Perhaps this would be a less of a glaring problem for Mad Max Beyond Thunderdome if it wasn't structured so badly, but the film is bifurcated almost exactly in the middle, with the first half being an extension of the dark world of The Road Warrior and the second half entering a brand new world that feels like a steampunk version of Peter Pan. Because the shift between the grittiness of the adult world and the brightness of the kids' world is so sudden (and so narratively random; the kids just show up unheralded) it doesn't feel like the two parts belong to the same story. Both halves could make for an entertaining movie, but thrown together they barely make sense.
I understand why Mad Max Beyond Thunderdome ends the way it does: it pays off some of the threads of the first film, and the movie fits in with the 80's "Morning in America" zeitgeist in the same way that the first Mad Max fit into the late 70's "clusterfuck of paranoia" zeitgeist. But that doesn't mean that it's a good ending for the series. We don't go into apocalyptic thrillers because we want hope for the future - we go in expecting to explore our fears in a controlled environment. The first two films do a good job of that by showing how civilization could collapse and life would still go on. Mad Max Beyond Thunderdome tries to start at that dark place before moving beyond it, but that feels like a bait and switch. It's seemingly well adjusted teens feel like a contrivance in films that had for the most part done a good job of balancing being outlandish with being realistic.
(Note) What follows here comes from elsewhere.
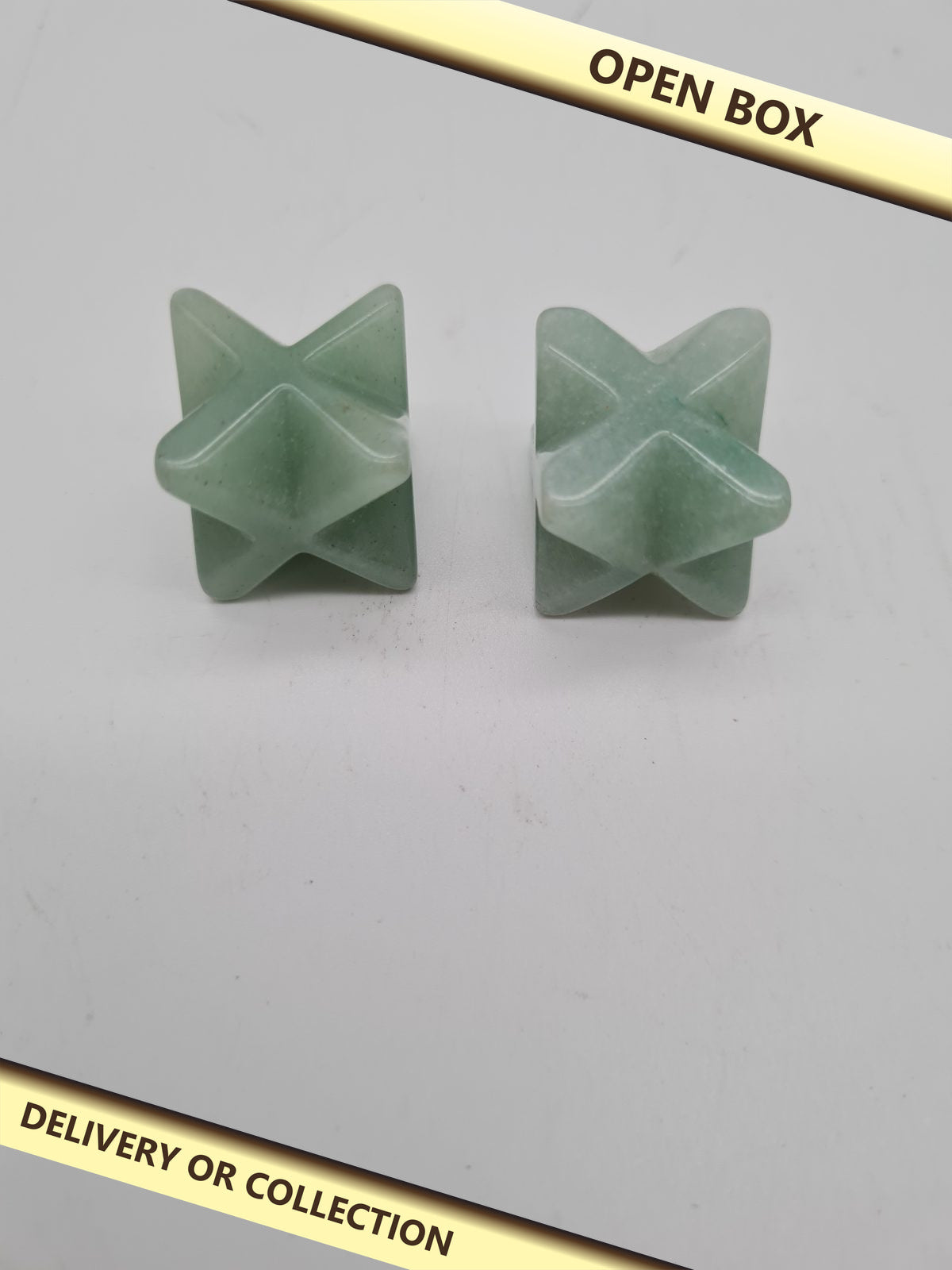 Pair of  green Aventurine Merkaba-Style Star Crystals — photograph 1 — Open box; auction delivery information shown on image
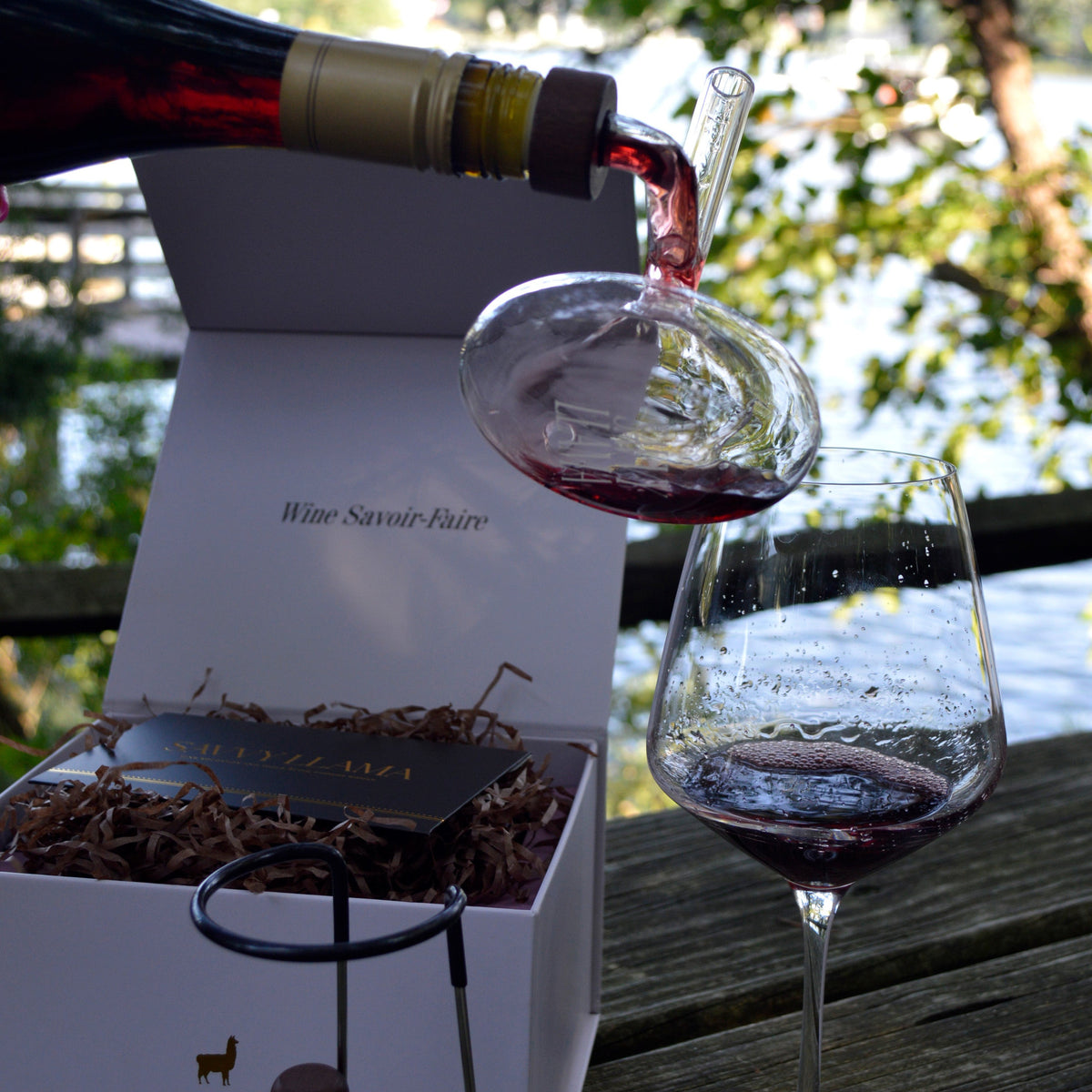 A Savvy Llama glass on-the-bottle mini wine decanter sits atop a bottle of red wine being poured into a glass as it aerates, with an open pink gift box with gold foil, labeled 'Wine Savoir-Faire' on a wooden table outdoors. A filled wine glass and its stainless steel decanter stand sits nearby, and trees and water are visible in the background.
Perhaps it's best that the series is made up of films that can mostly stand alone. If Mad Max Beyond Thunderdome has to live up the legacy left by the awesome Road Warrior, well, its going to be a bit of a letdown. But judged on it's own it isn't a bad film, really. The half of the film that takes place in Bartertown is full of cool ideas and the fight in the Thunderdome is a lot of fun. The second half of the film is less consistent, but it does make plenty of time for the sort of insane chase scenes that are the series calling card. It might be a bit uneven - but come on, it's life after the apocalypse. Expecting consistency is a bit insane.